I like this idea—that every Saturday there is a shadow of my last Saturday’s self running alongside me, but this Saturday I leave the shadow behind at mile X, and go on two more miles. Incrementally ahead, but still ahead of where I once was.
Murakami also writes:
“I just run. I run in a void. Or maybe I should put it the other way: I run in order to acquire a void….The kinds of thoughts and ideas that invade my emotions as I run remain subordinate to that void. Lacking content, they are just random thoughts that gather around that central void.”
Typically the word “void” has a negative connotation, indicating the absence of something, and implying something is always better than nothing. But maybe you need nothing sometimes. The best part of a run is when you forget that you are running, and forget that you are thinking. Usually that only happens to me 2 miles into a run, and sometimes the void itself runs away from me, and I am back out of breath. My strategy for acquiring the “void” is to run at the same, slow, 10-12 min/mile pace. That is why I want to tell people, when they think I’m “intense,” that no—far from it. I run slow and meditatively, to feel like I’m not running at all. Often I trip and fall out of my reverie and onto the sidewalk. Chins hit, palms bloodied, knees scraped. Apart from the physical injury, being rudely jolted out of the “void” is similar, ironically, to having a dream about running and your twitching feet eventually jolting you back to wakefulness.
Before the Disney marathon a few weeks ago, tired of all the long practice runs and the anticipation of such a long event, I told myself not to train for anything of that distance again.

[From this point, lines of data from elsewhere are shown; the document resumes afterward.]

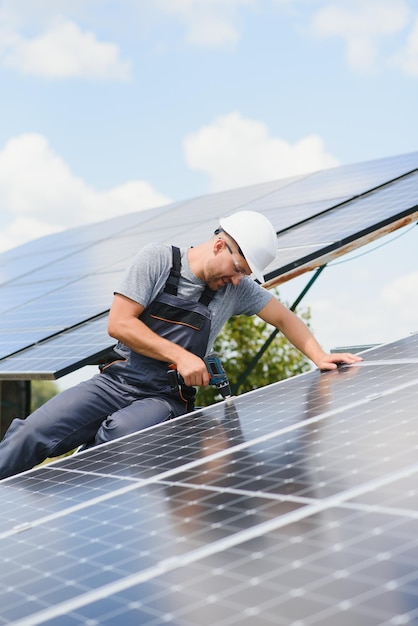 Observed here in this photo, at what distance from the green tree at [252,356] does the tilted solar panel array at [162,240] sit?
5.25 metres

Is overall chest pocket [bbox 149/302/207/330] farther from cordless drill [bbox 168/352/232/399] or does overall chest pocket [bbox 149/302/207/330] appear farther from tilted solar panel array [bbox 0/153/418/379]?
tilted solar panel array [bbox 0/153/418/379]

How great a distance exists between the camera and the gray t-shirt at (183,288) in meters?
5.46

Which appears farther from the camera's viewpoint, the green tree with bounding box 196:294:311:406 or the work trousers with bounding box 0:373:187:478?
the green tree with bounding box 196:294:311:406

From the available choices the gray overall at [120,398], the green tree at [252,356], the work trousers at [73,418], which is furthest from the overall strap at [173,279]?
the green tree at [252,356]

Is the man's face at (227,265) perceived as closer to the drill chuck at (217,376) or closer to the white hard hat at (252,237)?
the white hard hat at (252,237)

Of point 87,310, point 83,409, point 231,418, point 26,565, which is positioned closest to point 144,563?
point 26,565

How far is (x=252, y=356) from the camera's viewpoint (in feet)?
65.4

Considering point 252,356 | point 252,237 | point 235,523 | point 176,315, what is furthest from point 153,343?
point 252,356

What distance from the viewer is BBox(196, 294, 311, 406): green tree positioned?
19688 millimetres

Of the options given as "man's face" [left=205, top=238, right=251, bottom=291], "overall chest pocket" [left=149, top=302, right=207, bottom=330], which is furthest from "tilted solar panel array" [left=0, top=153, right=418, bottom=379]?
"man's face" [left=205, top=238, right=251, bottom=291]

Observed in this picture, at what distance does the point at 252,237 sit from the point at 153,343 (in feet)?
2.94

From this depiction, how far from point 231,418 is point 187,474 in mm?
1075

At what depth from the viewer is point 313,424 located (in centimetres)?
401

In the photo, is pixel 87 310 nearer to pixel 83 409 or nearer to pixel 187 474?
pixel 83 409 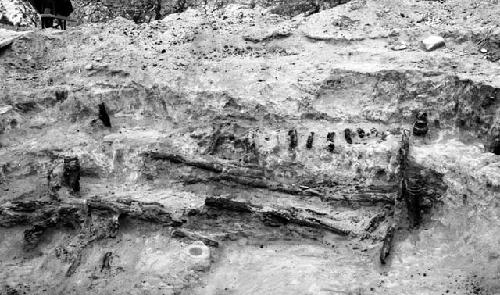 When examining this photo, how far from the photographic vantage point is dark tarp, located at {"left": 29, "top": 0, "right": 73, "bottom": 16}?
2879cm

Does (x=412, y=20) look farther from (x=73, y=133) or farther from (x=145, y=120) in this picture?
(x=73, y=133)

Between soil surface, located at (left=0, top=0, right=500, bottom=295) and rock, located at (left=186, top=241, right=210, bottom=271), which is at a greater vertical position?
soil surface, located at (left=0, top=0, right=500, bottom=295)

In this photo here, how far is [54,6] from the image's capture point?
28.7 meters

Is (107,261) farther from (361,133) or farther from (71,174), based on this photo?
(361,133)

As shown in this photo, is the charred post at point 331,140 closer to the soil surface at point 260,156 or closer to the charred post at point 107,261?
the soil surface at point 260,156

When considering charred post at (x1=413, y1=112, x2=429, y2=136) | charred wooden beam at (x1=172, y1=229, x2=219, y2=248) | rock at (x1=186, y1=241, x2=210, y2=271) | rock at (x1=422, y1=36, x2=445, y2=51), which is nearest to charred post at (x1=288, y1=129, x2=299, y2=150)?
charred post at (x1=413, y1=112, x2=429, y2=136)

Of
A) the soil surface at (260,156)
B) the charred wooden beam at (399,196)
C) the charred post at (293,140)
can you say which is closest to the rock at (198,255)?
the soil surface at (260,156)

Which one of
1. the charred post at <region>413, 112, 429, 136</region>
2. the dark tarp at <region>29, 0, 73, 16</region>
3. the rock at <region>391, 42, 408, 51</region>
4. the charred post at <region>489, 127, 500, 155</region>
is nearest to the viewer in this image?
the charred post at <region>489, 127, 500, 155</region>

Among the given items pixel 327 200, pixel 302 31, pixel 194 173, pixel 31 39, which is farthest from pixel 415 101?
pixel 31 39

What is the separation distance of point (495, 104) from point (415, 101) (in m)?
2.70

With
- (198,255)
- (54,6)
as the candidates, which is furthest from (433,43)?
(54,6)

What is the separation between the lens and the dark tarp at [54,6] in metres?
28.8

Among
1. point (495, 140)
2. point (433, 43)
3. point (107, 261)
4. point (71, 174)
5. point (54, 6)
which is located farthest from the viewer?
point (54, 6)

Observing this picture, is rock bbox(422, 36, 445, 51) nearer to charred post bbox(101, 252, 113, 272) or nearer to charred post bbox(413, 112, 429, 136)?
charred post bbox(413, 112, 429, 136) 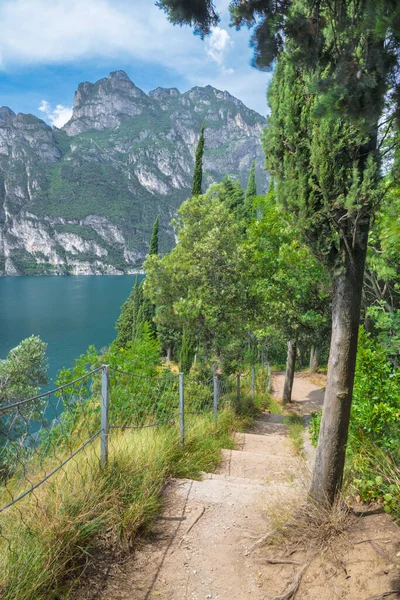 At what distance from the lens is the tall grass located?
2072 millimetres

I even went so far as to wonder if I should switch from running to something else.
But this week, when the ellipticals at the gym were full and I gingerly stepped on a treadmill, I realized that I can’t make a blanket decision like that. Running propels me like nothing else does—literally and figuratively. I won’t be like Murakami and run a marathon every single year, that’s for sure—and I may never have the time or desire to hit marathon #3. But I hope to keep up my voidful, self-competitive sport of plodding: whether for one minute, one mile, or many.